From the records below, print only the part that opens with the line containing "Diamonds are forever blog banner template" and closes with the line containing "Monster Cable 2-Way Splitter Coax Block"; omit the pictures.

***** SUPPLIED RECORDS *****

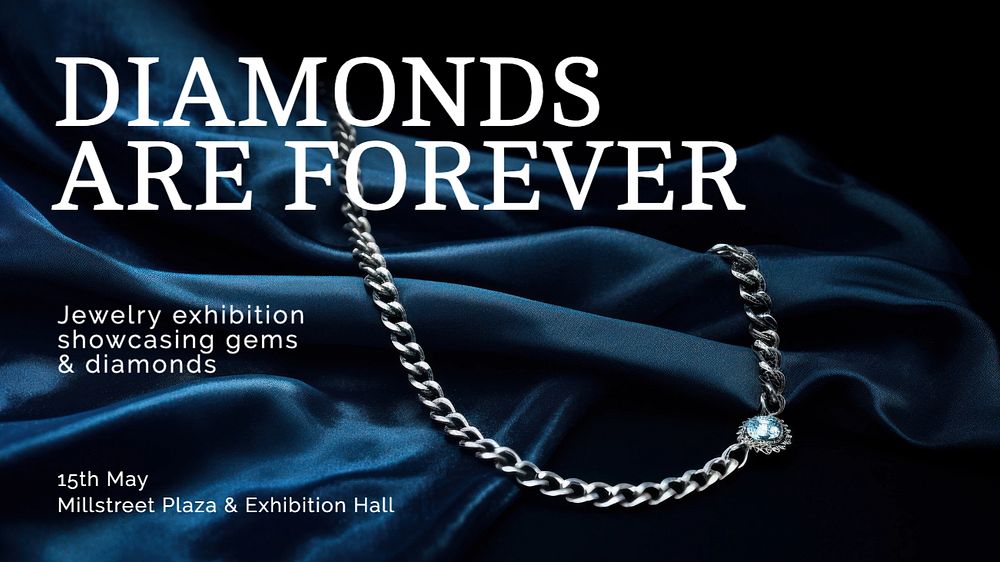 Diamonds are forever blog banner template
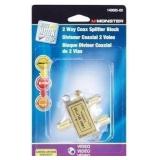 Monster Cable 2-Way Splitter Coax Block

*****
***** SUPPLIED RECORDS *****

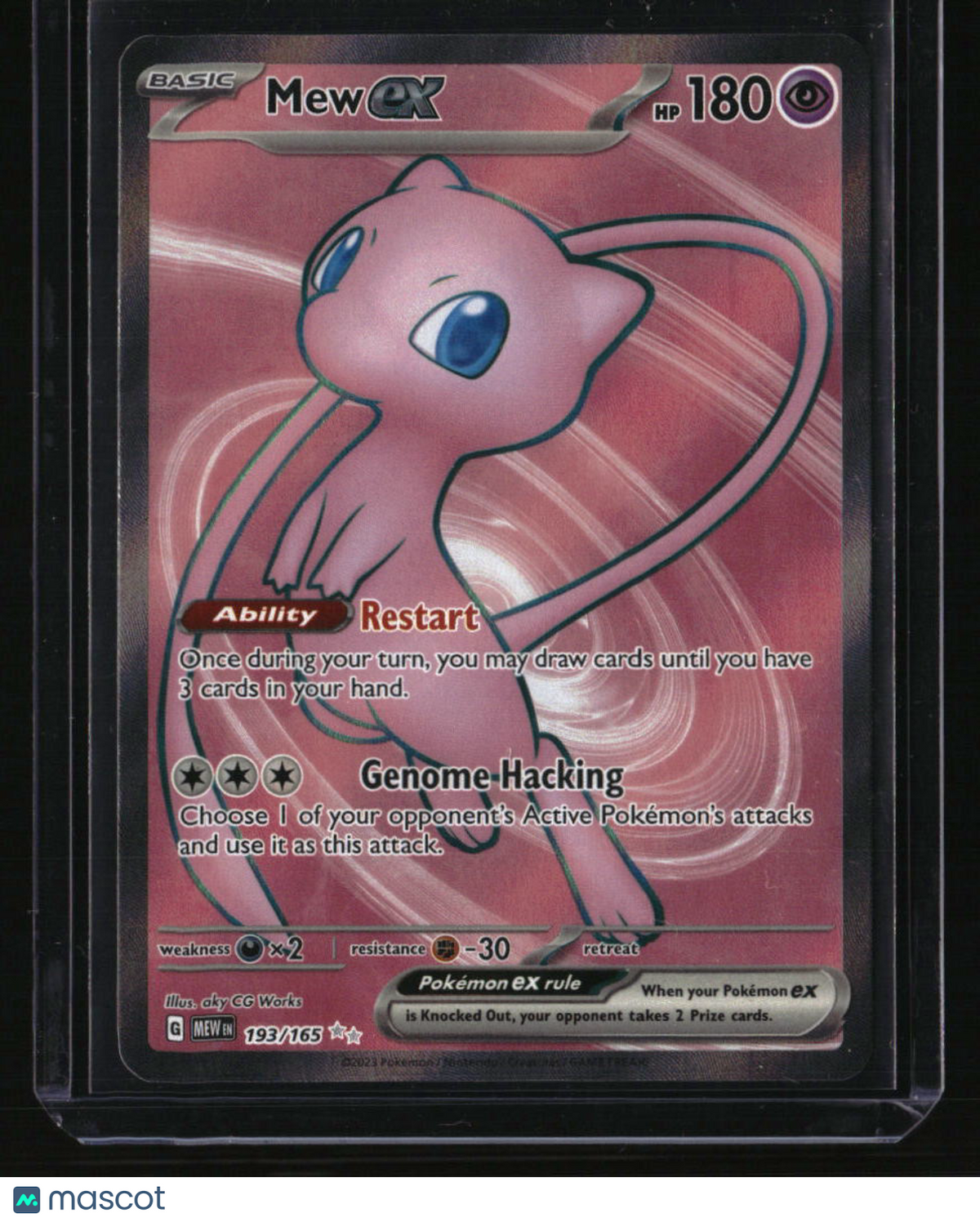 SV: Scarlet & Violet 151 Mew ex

*****
***** SUPPLIED RECORDS *****

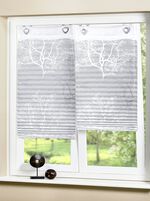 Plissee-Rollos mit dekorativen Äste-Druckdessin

*****

§ **WRITTEN ANSWER**:
 Diamonds are forever blog banner template
 Monster Cable 2-Way Splitter Coax Block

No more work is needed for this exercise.